The field of supply chain dynamics has been well known, even to the point that an MIT PhD named Barry Richmond built a software package (i.e. STELLA/iThink) that could model things like supply chain dynamics very effectively on a PC decades ago.  Well before that, some of us were doing flow modeling on large RCA and IBM mainframes back around 1970.  Having been a long-time user of the PC simulation software, I found it was a great aid to helping others, as well as myself, better understand the nuances of supply chains dynamics.  Unfortunately, IMO, many of today's government "experts" have little or no understanding of the subject, if they even know it is a subject to be considered.  If they did, the lockdown would never have happened the way it did.  - End Of Rant -


----------



## StarSong (Jun 3, 2021)

Very informative video with plenty of valid points, especially: 

1. Global sourcing has gotten everyone accustomed to being awash in extremely inexpensive goods. 

2. Problem is that with just-in-time inventories being the modern business model, any supply chain disruptions are enormously painful because so little backup supply is available. 

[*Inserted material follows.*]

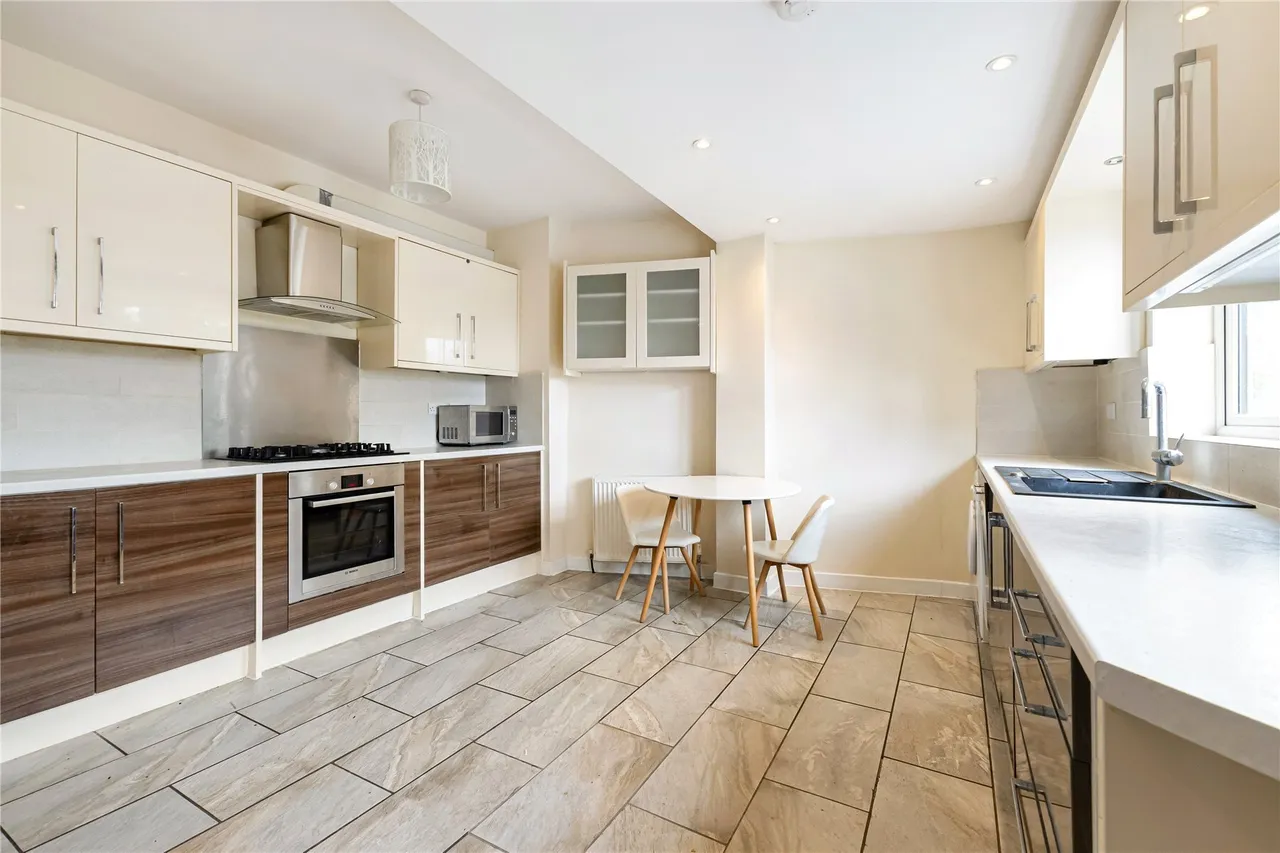 Summer Road, Thames Ditton, KT7, photo 2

What he didn't mention is human nature to hoard when we believe our supply of necessities is threatened. He also didn't comment on the huge impact of offshore manufacturing and procurement of so many foods, and consumer goods, both durable and non-durable.

A couple of other comments: 

The ports of Los Angeles and Long Beach have long been operating beyond optimal capacity. 

The shortage of US truck drivers exists because companies don't want to pay them adequately.  Many truck drivers have opted for other occupations because of too-low pay and difficult working conditions.   Like most professions that don't require years of specialized schooling, if you pay them, they will come...  

Thanks for an interesting watch, @hollydolly.


----------



## Sunny (Jun 3, 2021)

Fascinating!  Thanks, Holly.


----------



## JonDouglas (Jul 14, 2021)

I've a supply chain story.  One of our counter stools collapsed the other day.  We got it at place a decorator acquaintance strongly recommended but it turned out to be China-made crap.  After several attempts at gluing/clamping it back together, the chair literally disintegrated into about 6 pieces the other day and the other one isn't far behind.  Those chairs were the one time I didn't get American furniture made by craftsmen.  So today we drove to a furniture store that sells mostly high-quality, Amish-made, solid-wood furniture.  With nothing in stock except the the store model, we ordered two, specifying type of wood and finish. 

My lower jaw almost hit the floor when the store owner said it would be at least 7 months before we got them.  He said the supply chain problem was bad, getting worse and that inflation was becoming a serious problem.  As you know, increasing scarcity of goods (currently caused by supply chain problems) can trigger inflation if there's too much money chasing it.  As it is, the Fed has been pouring money into the economy with the idea of stimulating it.  Instead, they're stimulating inflation.  Not seeing any near-term relief from increasing prices, we put 50% down to lock in the price and signed the order.    Anyway, below is the chair (not the finish) we won't be getting any time soon.


----------



## squatting dog (Jul 15, 2021)

I just can't believe that a lot of these "shortages" aren't man made and therefore provide an opportunity to increase the price. Perfect example... last week in a Florida Home Depot, There was stacks and stacks of OSB. All yours for a paltry $45 a sheet.  Paying 45 bucks for a sheet of osb that last year cost me a whopping $8 and change kind of makes me think that this shortage has never existed.


----------